Top of RECORDS FOR THIS TASK
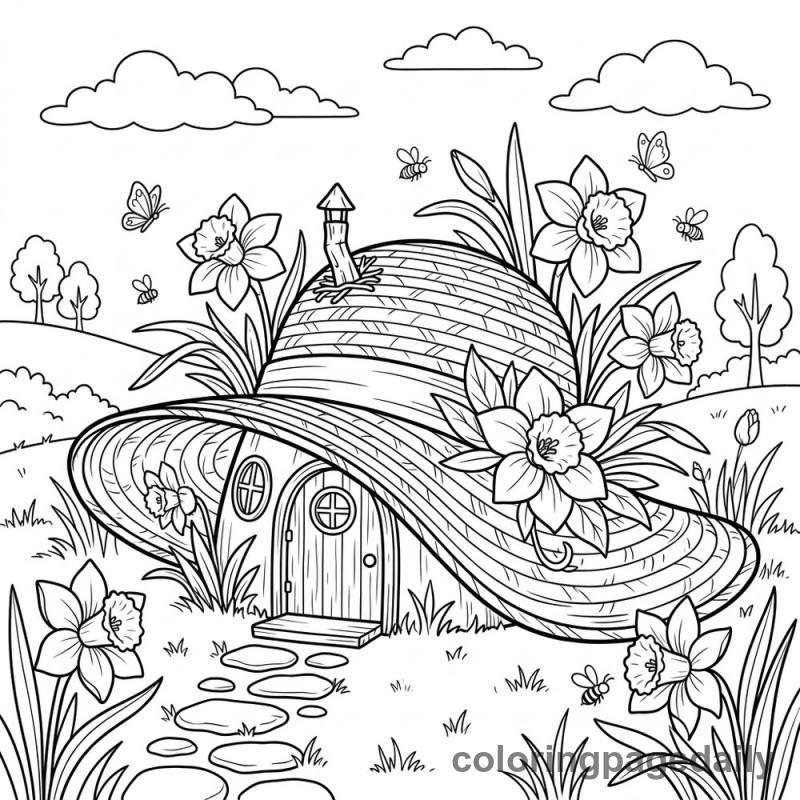 Magical Sun Hat House - Colored reference example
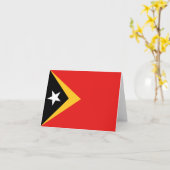 Oost-Timorese Vlag Notitiekaart (Gele Bloem)
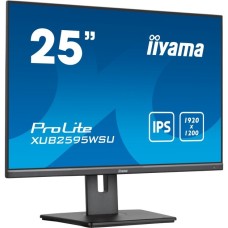 iiyama XUB2595WSU-B5, LED-Monitor(63 cm (25 Zoll), schwarz, WUXGA, IPS, HDMI, DisplayPort)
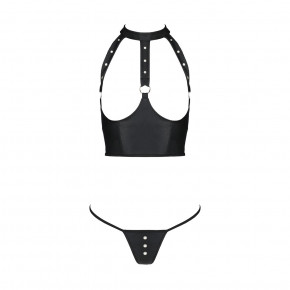      Passion GENEVIA SET WITH OPEN BRA black L/XL 4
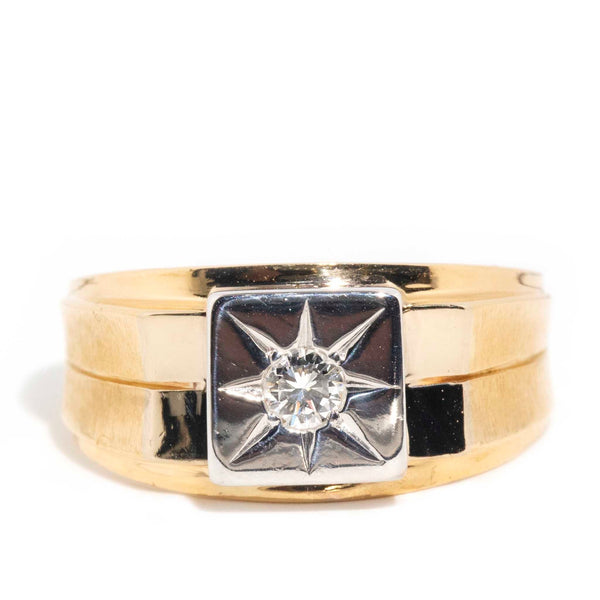 Rory 18ct Gold Star Set Diamond Signet Ring Rings Imperial Jewellery Imperial Jewellery - Hamilton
Bottom of RECORDS FOR THIS TASK
WHAT IS BEING ASKED:
Please repeat the entries exactly. Do not include the pictures.

TASK RESPONSE:
 Magical Sun Hat House - Colored reference example
 Oost-Timorese Vlag Notitiekaart (Gele Bloem)
 iiyama XUB2595WSU-B5, LED-Monitor(63 cm (25 Zoll), schwarz, WUXGA, IPS, HDMI, DisplayPort)
      Passion GENEVIA SET WITH OPEN BRA black L/XL 4
 Rory 18ct Gold Star Set Diamond Signet Ring Rings Imperial Jewellery Imperial Jewellery - Hamilton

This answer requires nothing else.